I’ve just spent the last weekend getting my RYA Level 2 sailing certification at the DSWC on Millwall Dock. It’s been a top weekend, whizzing around the dock doing various exercises – man overboard, mooring, following a course around bouys, follow the leader.. having to do my capsize drill again for the first time in about 8 years was a bit of a shock – b**dy hell Thames water is COLDD!! Also, the wind was gusting to god knows how many mph, so that was making things pretty interesting… a couple of the other students turned their boats turtle (i.e. capsized right over), which was fun to watch. Bit scary if the boat lands on top of you, though, I guess.

The course has got me all charged up about sailing again for the first time in about 15 years… and now I’m looking at getting into dinghy racing and having a go at a Pico or a Laser. Working up to skiff sailing, you see, in my dreams ha ha ha.

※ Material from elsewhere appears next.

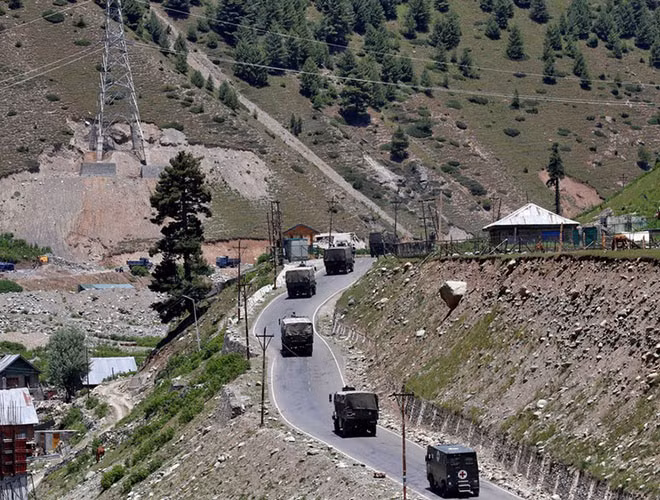 Ấn Độ chống đỡ lại điều đó bằng cách thông qua các sáng kiến hợp tác với Mỹ, Australia và Nhật Bản. Gần đây họ đã nâng cấp quan hệ với Australia lên quan hệ đối tác chiến lược toàn diện và ký thỏa thuận về logistic như đã từng ký với Nhật Bản và Mỹ.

I’m also still thinking about getting more big boat experience – and possibly doing the RYA Day Skipper and Yachtmaster certifications. They do these at Docklands, but I’ve been told that it may just be easier (and more fun) to head down to the Solent and do the course in a week at one of the sailing schools down there. There’s plenty of well established schools round Port Solent and Southampton, like Sunsail. Talking with some of the people down at Docklands, it’s also apparently generally quite easy to get to be crew on random boats out of the Solent if you just head down there and hang around the docks a bit (especially during a big event like Cowes). A nice cheap way of getting bigger boat experience, though goes without saying you’re going to have to work for it.

Dartmoor & Devon

So last weekend I went to Devon for the first time in my life. I’m amazed that it’s taken me 33 years to get there, given the outdoorsey sort of person that I am. I think having a childhood spoiled with the Yorkshire Dales, the Lakes and Northumbria kind of kept Devon and Cornwall low on my list of places to visit in this country.

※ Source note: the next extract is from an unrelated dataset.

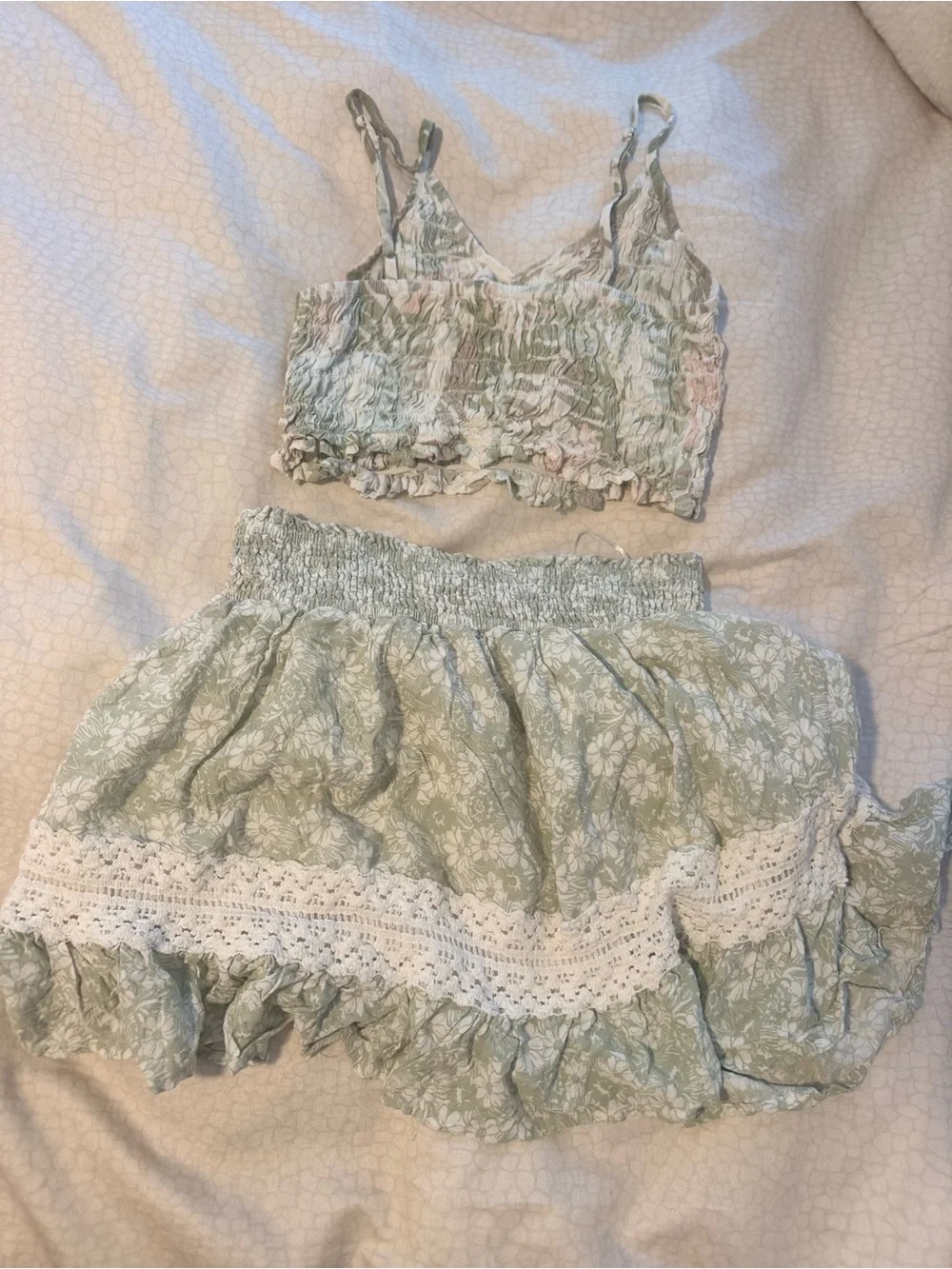 Dreamy 2 piece set Ocean Drive Sage Floral Smocked Crop Top & Mini Skirt Set M 🤍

So my first experience of Devon was a wind and rainswept night spent rough camping on Dartmoor last Friday night. We had the tent pitched by12:30am – quite difficult, actually, not because of being in absolute and utter darkness, but because of the difficulty in finding a tent sized pitchable area in the dark without cowpats on it. We were woken up at 3am by some pretty strong winds and heavy rain which lasted until 4pm the following day. Lovely. Still, it was a cool experience, snug in a little tent, knowing that you are the only people for miles around.

The next day we chickened out and headed for a campsite near Slapton Sands on the coast, where the weather got a lot better. A very different kind of beauty to wild and desolate Dartmoor.

Overall, I think Devon is a lovely place, and I’m sorry that it took me so long to actually go and check it out. But I still think I prefer the Northumbrian coast to the Devon coast, and the Yorkshire Dales to Dartmoor. As wild and as desolate as Dartmoor is, I still think the Dales is wilder and more dramatic, especially the area of the moors west of Pateley Bridge heading towards Grassington. And Devon definitely gets more tourists, and is more geared up to them, so it has a more touristy feel, I think. But then again, I am a Northern Git, so I’m probably biased.